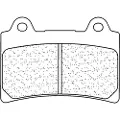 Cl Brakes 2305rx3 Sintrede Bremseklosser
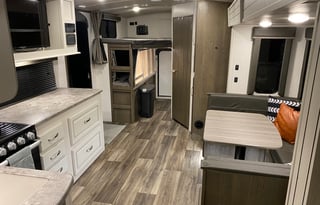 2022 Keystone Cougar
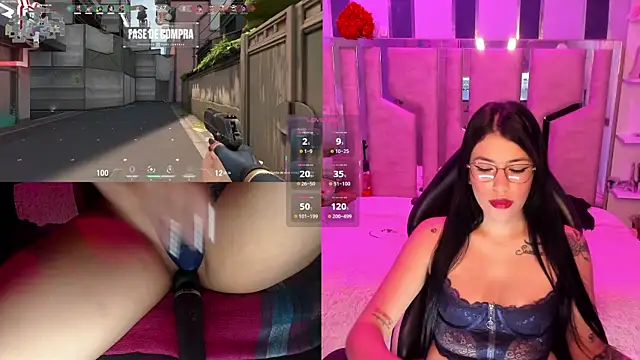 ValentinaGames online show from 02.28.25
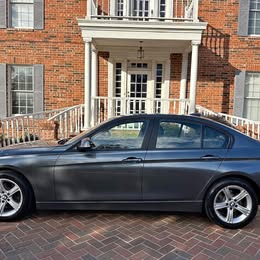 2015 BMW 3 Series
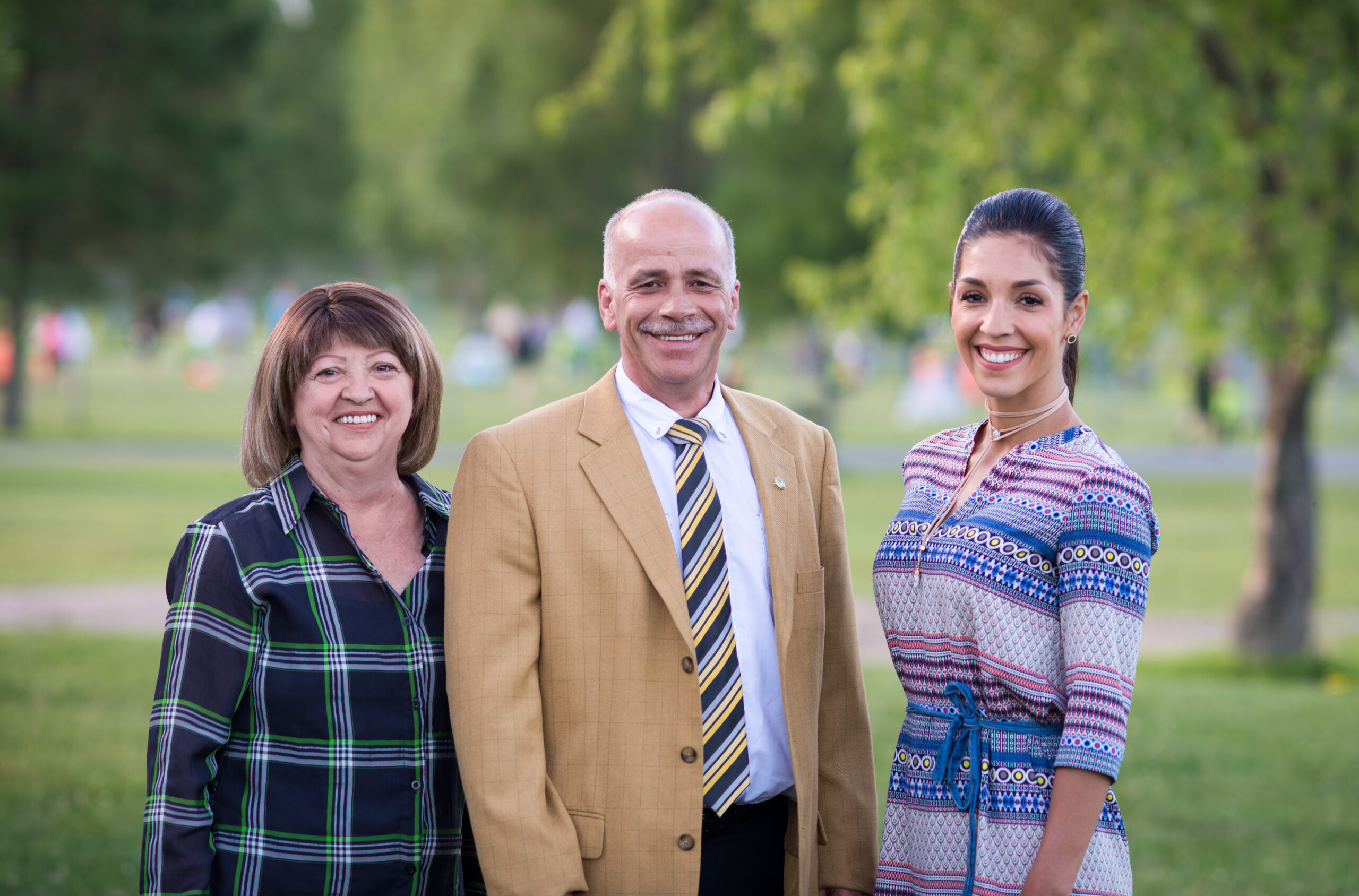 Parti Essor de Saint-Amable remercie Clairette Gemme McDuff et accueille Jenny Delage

================================

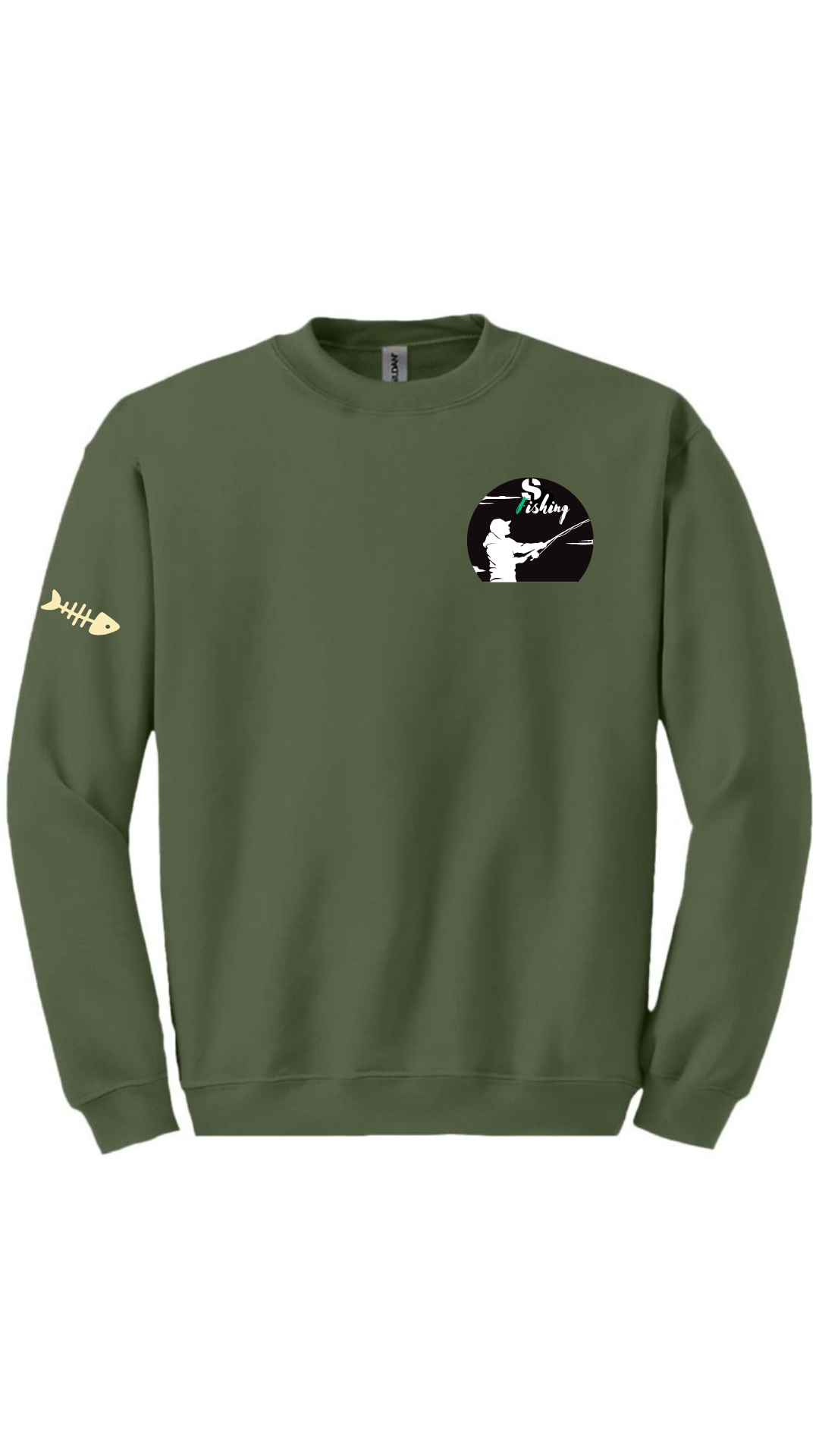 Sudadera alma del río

================================

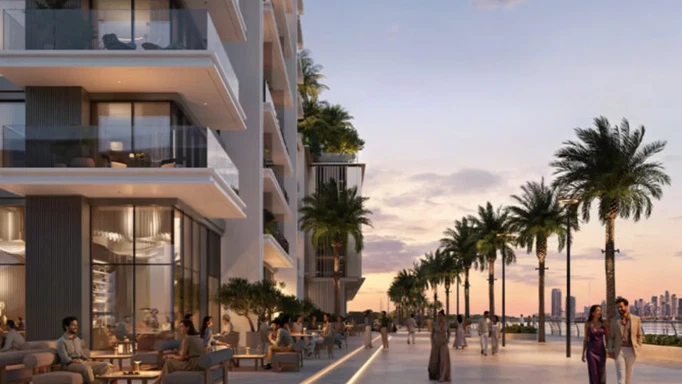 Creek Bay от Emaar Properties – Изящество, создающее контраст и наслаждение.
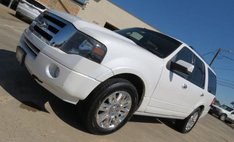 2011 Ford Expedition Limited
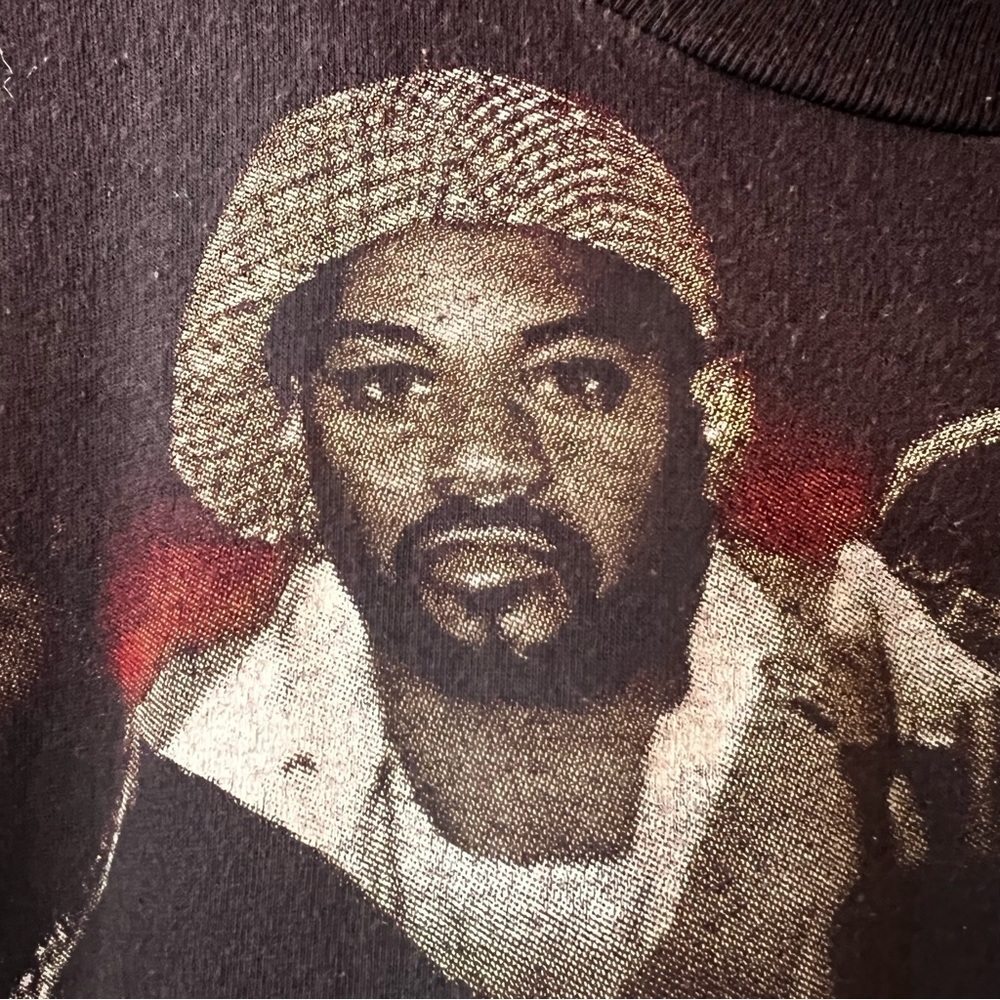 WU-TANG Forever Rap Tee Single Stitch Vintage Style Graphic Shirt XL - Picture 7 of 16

================================

Given the listing above, repeat exactly the lines starting at the one with "ValentinaGames online show from 02.28.25" and ending at the one with "Parti Essor de", inclusive, excluding pictures.

 ValentinaGames online show from 02.28.25
 2015 BMW 3 Series
 Parti Essor de Saint-Amable remercie Clairette Gemme McDuff et accueille Jenny Delage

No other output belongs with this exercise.